According to the Sexual Offences Act 2003, the elements of the offence of sexual assault are:

• A person (A) intentionally touches another person (B)

• the touching is sexual

• (B) does not consent to the touching, and (A) does not reasonably believe that (B) consents.

The Crown Prosecution Service guidelines further clarify that “touching is widely defined and includes with any part of the body, or with anything else, and can be through clothing”. The definition is clear.

Sometimes, the reason behind a reluctance to use accurate language is more compassionate than malicious – an attempt to avoid the reality of what happens to girls and women on a regular basis. It is easier to rely on euphemistic language, such as “groping” or “fondling”, than to talk about sexual assault. But that doesn’t help, because we inadvertently end up downgrading the severity of the offence, which, in turn, helps normalise it.

Undermining sexual violence through diminishing language is prevalent but not new. Consider, for example, the popular online meme that states: “It’s not rape, it’s a struggle snuggle.”

It’s a trivialisation that leads to a culture where victims are doubted and/or blamed. Was it really sexual assault, or just a quick caress? Are you honestly going to make a fuss about a pat on the bottom? Sure, he’s the president-elect, but lighten up, he was just joking about grabbing women by the pussy! It’s the sort of language that allows a mainstream television programme to “debate” the acceptability of sexual assault using a question such as: “Is a bum pinch harmless fun?

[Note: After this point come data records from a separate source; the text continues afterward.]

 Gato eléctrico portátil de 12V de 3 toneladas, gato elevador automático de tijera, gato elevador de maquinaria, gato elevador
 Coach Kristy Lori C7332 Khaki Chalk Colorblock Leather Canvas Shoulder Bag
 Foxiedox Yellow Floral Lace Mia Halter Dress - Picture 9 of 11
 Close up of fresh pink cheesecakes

By not pointing out how unacceptable this culture is, we become complicit in the message that victims are already receiving loud and clear: this isn’t really a big deal, you won’t be taken seriously, it’s not worth going to the police. According to the Crime Survey for England and Wales, one of the most frequently cited reasons for not reporting sexual offences is that they seemed “too trivial” to report.

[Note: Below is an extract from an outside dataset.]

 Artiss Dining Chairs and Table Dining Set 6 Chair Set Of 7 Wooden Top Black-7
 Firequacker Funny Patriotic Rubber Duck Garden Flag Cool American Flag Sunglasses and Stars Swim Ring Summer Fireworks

It is a message so entrenched in society that the vast majority of women and girls are completely unaware that being touched on the breasts, grabbed between the legs or squeezed on the bottom, among other common experiences, could constitute sexual assault. Many girls come to see this behaviour as normal – expected even – and simply the price you pay for being a woman. This means not only that victims are much less likely to report what has happened (or feel able to complain in a workplace, nightclub or school setting), but also that perpetrators are unaware of the severity of committing such offences.

Unfortunately, the term sexual assault has become so little understood that it is sometimes necessary to talk about “touching” or “grabbing” in order to elicit accurate responses. Far fewer people might report “sexual assault” in a survey, for example, than would describe having been touched without their consent.

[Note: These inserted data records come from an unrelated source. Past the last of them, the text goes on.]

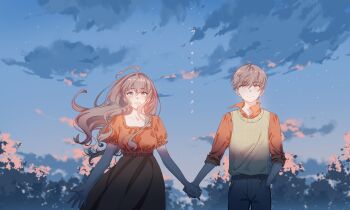 1boy 1girl absurdres ahoge blouse breasts brown_eyes brown_hair cloud cloudy_sky collared_shirt commentary_request couple frilled_shirt frills highres holding_hands long_hair long_skirt looking_at_viewer medium_breasts open_mouth orange_shirt original shirt short_hair skirt sky smile standing sweater_vest teardrops_(user_vgvd7733) upper_body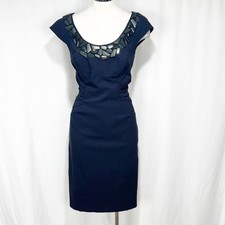 Adrianna Papell Gemstone Neck Sheath Dress Navy Blue size 10 NWOT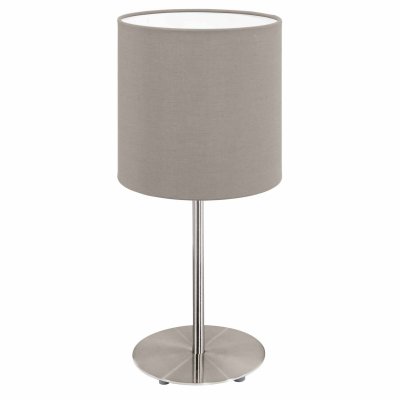 Table Light Steel Satin Nickel / Fabric Taupe - PASTERI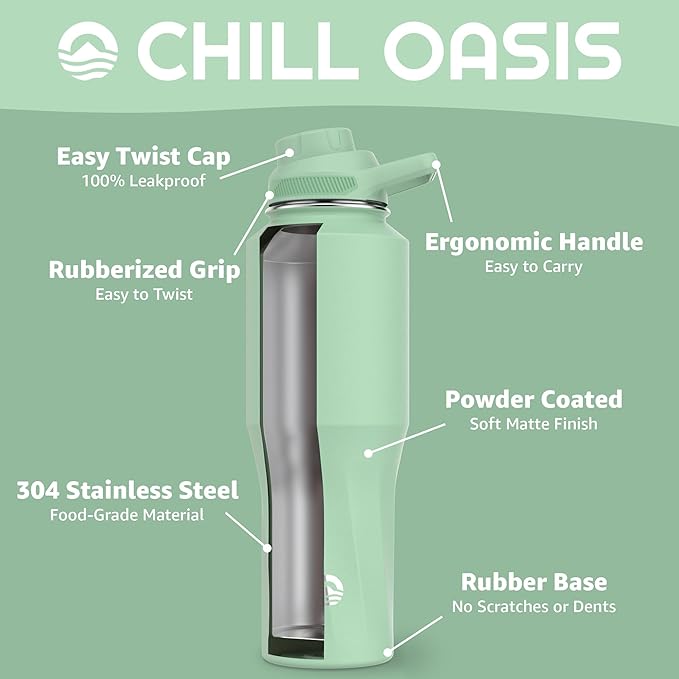Chill Oasis Water Bottle | Compatible With Popular Flavor Cartridges | BPA Free, Leak Proof, Double-Walled Vacuum Insulated Stainless Steel, and Dishwasher Safe | Cold for 24 Hours (Sage, 32oz)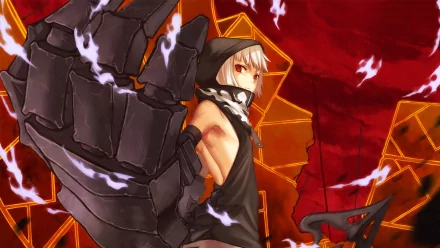 Strength (Black Rock Shooter) anime HD PC desktop wallpaper and background: hooded Strength with a massive mechanical arm poised against a fiery red, angular sky.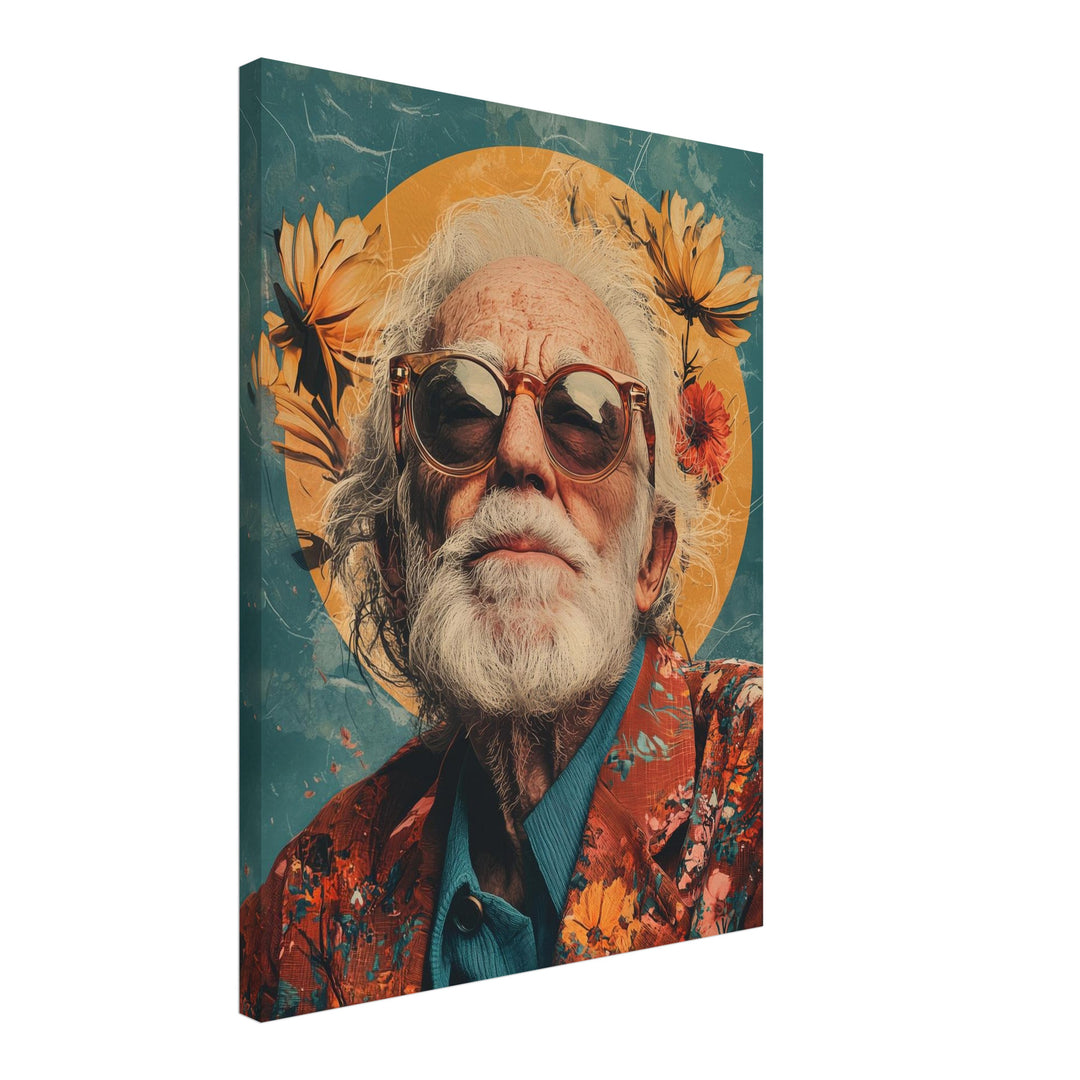 Sommerlicher Weiser Leinwand Vintage – Leinwand auf Holzrahmen – Ansicht 2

Words such as “groping” and “fondling” are incapable of carrying the weight of the experiences they are stretched to encompass: an elderly woman pinned roughly against a wall in her home by a friend of her late husband; an 11-year old girl too afraid to report the male classmate stroking the inside of her thigh under the desk during a geography lesson; a university student out running when a passerby grabbed her suddenly and firmly by the breasts; a video store cashier whose boss would smack her bottom each time she went up the ladder to the storeroom. All stories that have been relayed to me personally, several through tears. A litany of sexual assaults, reduced to something flimsy and dismissible. Moments that profoundly affect women’s lives, diminished and whitewashed.

Language has such power. When we deny victims the words to describe and define their own experiences we actively disempower them and distance them from justice. We owe it to all survivors to start describing “groping” and “fondling” by their real name: sexual assault.